If one thinks about it the outboard hangs off the transom of go fast boats doing over 100mph and they slam back down so I think that's the best way to trailer with engine down .Just my 2 cents worth and this is what El and Bill have been doing for years with thousands of miles under their belt .
 
I actually broke my motor toter (trailer support bracket) coming back from striper fishing just the other day. I hit a very rough stretch of road going into one of the tunnels on the Chesapeake Bay Bridge tunnel. The square tube snapped right in half. I think that thing is just thin aluminum. I do plan to replace it though just for insurance when trailering.
 
retnavy":bbqrwjg5 said:
I actually broke my motor toter (trailer support bracket) coming back from striper fishing just the other day. I hit a very rough stretch of road going into one of the tunnels on the Chesapeake Bay Bridge tunnel. The square tube snapped right in half. I think that thing is just thin aluminum. I do plan to replace it though just for insurance when trailering.

retnavy-

Just use the old one. Cut off the ends with their fittings, and insert a STEEL box channel with thick walls, down inside the old aluminum one, then rivet the whole thing together with a ton of steel rivets.

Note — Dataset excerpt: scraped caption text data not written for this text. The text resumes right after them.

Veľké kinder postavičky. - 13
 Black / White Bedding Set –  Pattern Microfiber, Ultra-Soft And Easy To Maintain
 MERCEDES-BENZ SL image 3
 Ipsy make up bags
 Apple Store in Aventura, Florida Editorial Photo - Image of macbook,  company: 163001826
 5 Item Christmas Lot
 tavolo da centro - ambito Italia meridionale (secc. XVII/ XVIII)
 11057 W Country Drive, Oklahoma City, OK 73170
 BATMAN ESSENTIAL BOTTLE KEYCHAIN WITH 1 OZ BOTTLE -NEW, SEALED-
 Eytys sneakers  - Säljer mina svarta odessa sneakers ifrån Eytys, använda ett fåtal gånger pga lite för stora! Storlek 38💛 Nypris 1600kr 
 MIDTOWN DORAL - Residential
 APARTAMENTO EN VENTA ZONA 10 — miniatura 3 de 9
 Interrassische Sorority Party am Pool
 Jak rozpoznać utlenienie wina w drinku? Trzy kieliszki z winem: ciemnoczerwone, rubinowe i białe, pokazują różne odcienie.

The resulting aluminum/steel masterpiece will theoretically be a corrosion factory, but it's not under water, and can be rinsed with fresh water frequently.

You can use Zinc Chromate Paste on all the holes and rivets, just like we do on aluminum sailboat masts when attaching stainless steel fittings. This helps eliminate corrosion at the contact points.

Get the paste at a marine/sailboat store or on line. Also, paint the cuts in the steel box channel, of course.

Even if you buy a new strut, reinforcing it internally or externally would be a good idea. Externally, an oversize aluminum box channel could be used after removing and then reinstalling the end fittings.

Just another 2-cent idea!

Joe. :teeth :thup
 
I had actually thought about running up to the home depot and doing exactly what you suggest. I could use up one of the many gift cards I got for X-mas.
 
Main up, kicker in the back of the truck.

Coming home from Bellingham, passing through Los Angeles, towing the boat, we encountered/passed an accident caused by a hole on the freeway, where a piece of pavement had detached itself. Tore the front end right off the car, which slid to a stop, taking out several other cars. An Interstate (205) by the way, showing that your gas taxes don't go for repair.

Luckily that hasn't happened to us, but having a motor hanging off the rear of the boat is to be avoided. I can lift the kicker (rather we can,) but not the main motor. Luck beats skill.

Boris
 
I have a pair of 150 Hondas, and I had always haul with them up going to Alaska until the locks wore into the mounting brackets pretty bad, I run across a Honda Rep and he advised me that Honda recommends hauling with engines down, and that the lock was not design for running down the road supporting the engines, and he said if need be the boat should be raise on the trailer if you have a clearance problem.
 
raising the boat on my trailer would not be a good idea because it would make it so I had to back further down boat ramps. Some of the ramps I like to use are pretty short and I would hate to go off the end of them.